Minimize the number of cuRAND states stored during

2019-06-12 21:49发布

问题:

I am currently writing a Monte-Carlo simulation in CUDA. As such, I need to generate lots of random numbers on the fly using the cuRAND library. Each thread processes one element in a huge float array (omitted in the example) and generates 1 or 2 random numbers per kernel invocation.

The usual approach (see example below) seems to be to allocate one state per thread. The states are reused in subsequent kernel invocations. However, this does not scale well when the number of threads increases (up to 10⁸ in my application), since it becomes the dominant memory (and bandwidth) usage in the program.

I know that one possible approach would be to process multiple array elements per thread in a grid stride loop fashion. Here I want to investigate a different method.

I am aware that for the compute capability I am targeting (3.5), the maximum number of resident threads per SM is 2048, i.e. 2 blocks in the example below.
Is it possible to use only 2048 states per multiprocessor, regardless of the total number of threads ? All random numbers generated should still be statistically independent.

I think this might be done if each resident thread were associated a unique index modulo 2048, which could then be used to fetch the state from an array. Does such an index exist ?

More generally, are there other ways to reduce the memory footprint of the RNG states ?

Example code (one state per thread)

#include <cuda.h>
#include <curand.h>
#include <curand_kernel.h>
#include <assert.h>

#define gridSize 100
#define blockSize 1024
#define iter 100

__global__ void rng_init(unsigned long long seed, curandState * states) {
  const size_t Idx = blockIdx.x * blockDim.x + threadIdx.x;
  curand_init(seed, Idx, 0, &states[Idx]);
}

__global__ void kernel(curandState * states) {
  const size_t Idx = blockIdx.x * blockDim.x + threadIdx.x;
  const float x = curand_uniform(&states[Idx]);
  // Do stuff with x ...
}

int main() {
  curandState * states;
  assert(cudaMalloc(&states, gridSize*blockSize*sizeof(curandState)) == cudaSuccess);
  rng_init<<<gridSize,blockSize>>>(clock(), states);
  assert(cudaDeviceSynchronize() == cudaSuccess);

  for (size_t i = 0 ; i < iter ; ++i) {
    kernel<<<gridSize,blockSize>>>(states);
    assert(cudaDeviceSynchronize() == cudaSuccess);
  }
  return 0;
}

回答1:

In short, in your question, you mention using a grid-striding loop as a way to collapse the required state. I think this method, or one like it (as suggested by @talonmies) is the most sensible approach.

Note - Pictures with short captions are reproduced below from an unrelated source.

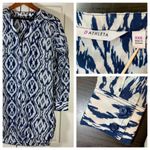 Athleta  Ikat Print Tunic Top Women XXS Blue White Cotton Silk Shirt Dress Preppy Photo 13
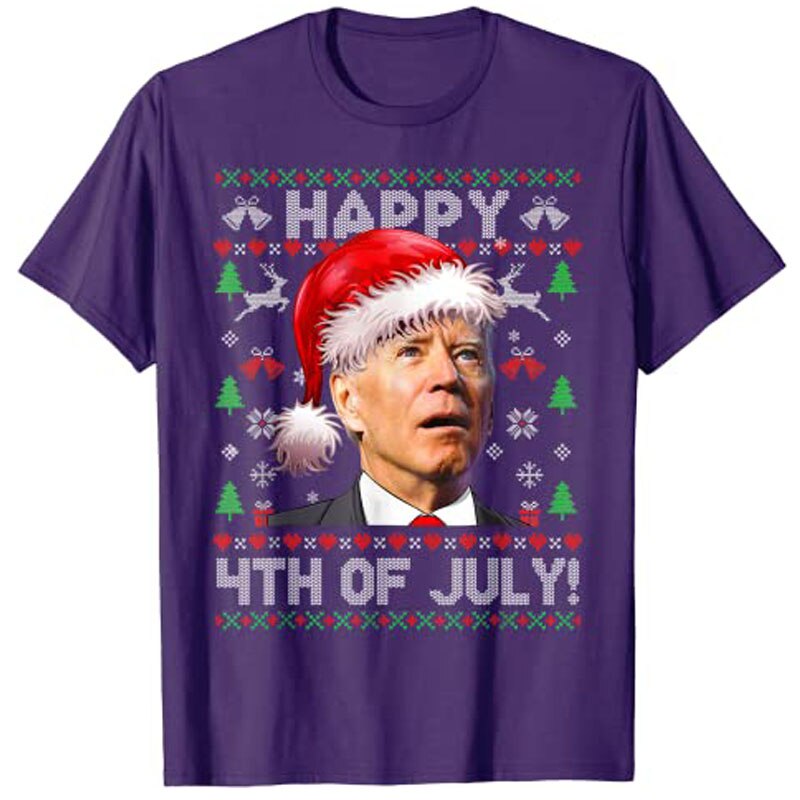 Santa Joe Biden Happy 4th of July Ugly Christmas Sweater T-Shirt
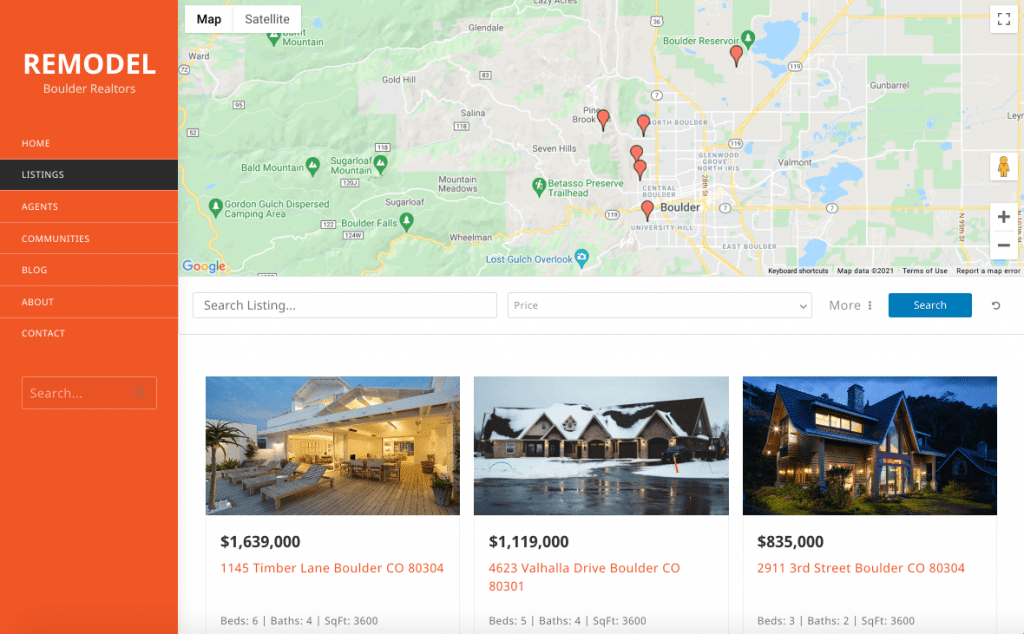 Interface de pesquisa WPRealEstate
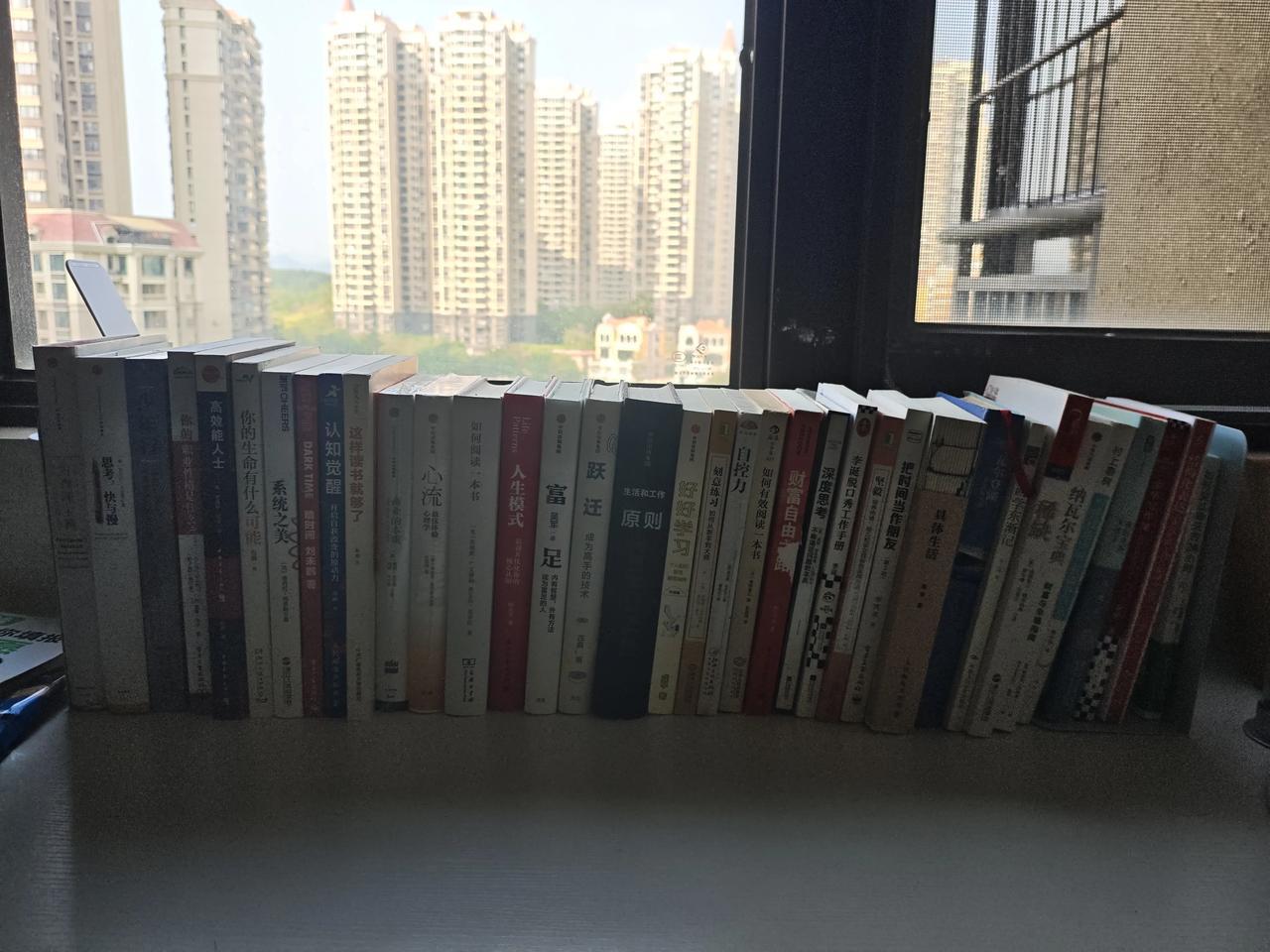 把原来放电脑的桌子摆上想看的书，哪怕很多书还没看，都感觉人充实了不少，心情也好了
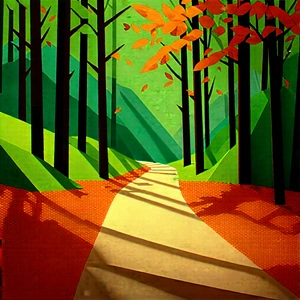 Nature Low Poly: Path Through Autumn Woodland With Painting Forest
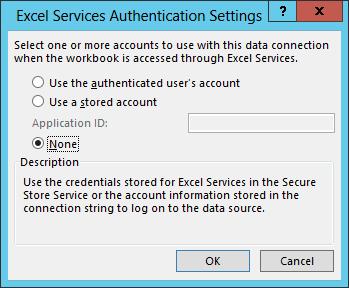 Authentication Settings Integrated Security (Kerberos/EffectiveUserName) Secure Store Services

Choose a method that reduces the thread count to the minimum necessary to keep the machine busy/fully utilized. Then have each thread compute multiple operations, re-using the provided random generator state.

I started with your code shell and turned it into a classical "hello world" MC problem: compute pi based on the ratio of the area of the square to the area of the inscribed circle, randomly generating points to estimate area.

Then we will consider 3 methods:

  1. Create a large 1D grid, as well as state for each thread, so that each thread computes one random point and tests it.

  2. Create a much smaller 1D grid, as well as state for each thread, and allow each thread to compute multiple random points/tests, so that the same number of points/tests are generated as in case 1.

  3. Create a grid the same size as method 2, but also create a "unique resident thread index", and then provide enough state to cover just the unique resident threads. Each thread will effectively use the state provided using the "resident thread index", rather than an ordinary globally unique thread index. Compute the same number of points/tests as in case 1.

The computation of the "unique resident thread index" is not a trivial matter. In host code:

  1. We must determine the maximum number of blocks that are theoretically possible to be resident. I have used a simple heuristic for this, but there are arguably better methods. I simply divide the maximum resident threads per multiprocessor by the number of chosen threads per block. We must use integer division for this.

  2. Then initialize enough state to cover the maximum number of blocks times the number of SMs on the GPU.

In device code:

  1. Determine which SM I am on.
  2. Using that SM, perform an atomic test to retrieve a unique block number per SM.
  3. Combine the results of 1, and 2, plus the threadIdx.x variable to create a "unique resident thread index". This then becomes our typical thread index instead of the usual calculation.

From a results perspective, the following observations can be made:

  1. Contrary to what is stated in the other answer, the init time is not insignificant. It should not be ignored. For this simple problem, the init kernel run-time outweighs the calculation kernel run time. Therefore our most important takeaway is that we should seek methods to minimize the creation of random generator state. We certainly do not want to needlessly re-run the initialization. Therefore we should probably discard method 1 based on these results, for this particular code/test.

  2. From a calculation kernel runtime perspective, there is little to commend one kernel over another.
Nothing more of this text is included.